Now copy the modified fingerprint_grow.cpp into the clipboard.

On your HA box in the ESP container do:
root@5c53de3b-esphome:/esphome/esphome/components/fingerprint_grow# cat - > fingerprint_grow.cpp

paste your contents and press ^C (ctrl-c)

Now you should have a modified sourcecode file.

Clean your build environment and reflash the ESP. On reboot of the ESP the password should be in the logs/console.

Once you have the password change the source back and exit the container:

oot@5c53de3b-esphome:/esphome/esphome/components/fingerprint_grow# mv fingerprint_grow.cpp.save fingerprint_grow.cpp
root@5c53de3b-esphome:/esphome/esphome/components/fingerprint_grow# exit

and exit SSH. Clean your build environment again, set the correct password in the config (do not set it again), and use the sensor.

First of all Thank you for all this work !!!
but unfortunately the password is still wrong :-
tried a lot of times
new_password 0x2B5DE3DE give me 1073691004

try 0x3FFF397C (which is the hex representation of your decimal password)

Comparing it to my own password; this is only slightly different from mine! Definitely something tricky going on here.

I brute forced my way in like so:
yaml:

external_components:
  - source:
      type: local
      path: my_components
    components:
      - fingerprint_grow

my_components/fingerprint_grow/fingerprint_grow.cpp

bool FingerprintGrowComponent::check_password_() {
  uint32_t uidx;
  uint8_t res=PASSWORD_FAIL;
  ESP_LOGD(TAG, "Checking password");
  for(uidx=0x3FFF0000; uidx<0xFFFFFFFF && res!=OK; uidx++) {
    ESP_LOGE(TAG, "Checking password: %d", uidx);
    this->password_=uidx;
    this->data_ = {VERIFY_PASSWORD, (uint8_t)(this->password_ >> 24), (uint8_t)(this->password_ >> 16),
                 (uint8_t)(this->password_ >> 8), (uint8_t)(this->password_ & 0xFF)};
    res=this->send_command_();
  }
  switch (res) {
    case OK:
      ESP_LOGD(TAG, "Password verified");
      return true;
    case PASSWORD_FAIL:
      ESP_LOGE(TAG, "Wrong password");
      break;
  }
  return false;
}

worked like a charm

2 Likes

Thanks , it took only 5 minutes to crack the password :slight_smile:
now the sensor is back again

1 Like

Hey I’m the one who co-wrote the integration.
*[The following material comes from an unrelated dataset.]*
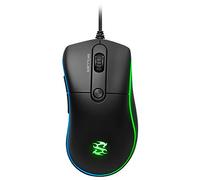 Sharkoon Mouse da gaming SKILLER SGM2 RGB USB Nero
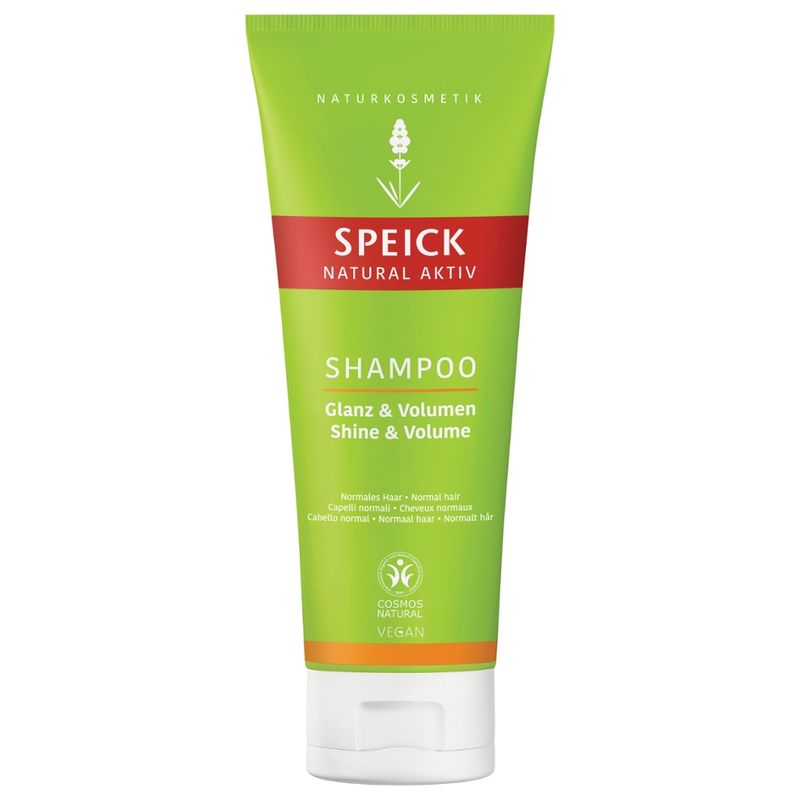 Speick Speick Natural Aktiv Shampoo Glanz & Volumen - Produktbild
Sorry to nearly brick ur readers :see_no_evil:. My bad, I actually didn’t test the set password function.

@lancer73

I think lines 205 - 207 should be changed from:

  ESP_LOGI(TAG, "Setting new password: %d", *this->new_password_);
  this->data_ = {SET_PASSWORD, (uint8_t)(*this->new_password_ >> 24), (uint8_t)(*this->new_password_ >> 16),
                 (uint8_t)(*this->new_password_ >> 8), (uint8_t)(*this->new_password_ & 0xFF)};

to:

ESP_LOGI(TAG, "Setting new password: %d", this->new_password_);
 this->data_ = {SET_PASSWORD, (uint8_t)(this->new_password_ >> 24), (uint8_t)(this->new_password_ >> 16),
                (uint8_t)(this->new_password_ >> 8), (uint8_t)(this->new_password_ & 0xFF)};

What the code is doing is changing the password to the memore address where the password is stored. (Forgive me if I’m wrong, but it has been 20 years since I did something serious in C)

new_password_ is declared as a pointer variable, we need to dereference it with * to get the value.

The error is actually in fingerprint_grow.h:

void set_new_password(uint32_t new_password) { this->new_password_ = &new_password; }`

We can’t set the new_password_ pointer to the address of the new_password parameter, as it gets deallocated when the set_new_password() function returns. Learnt something new :joy:

The pr#3722 fix is not ideal as it prevents setting of new_password = 0xFFFFFFFF. I’ll come up with a proper fix soon. And I’ll be sure to test it this time.

1 Like

Thnx! And maybe also change the loglevel for the password change feedback. It is at informational level only and you certainly don’t want to miss the feedback from the call, so maybe elevate the loglevel of the change to “warning”.

(and when you set a password to 0xFFFFFFFF, punishment is well earned :wink: )

when i try this i get a error in esphome

Could not find init.py file for component fingerprint_grow. Please check the component is defined by this source (search path: /config/esphome/my_components/fingerprint_grow/init.py).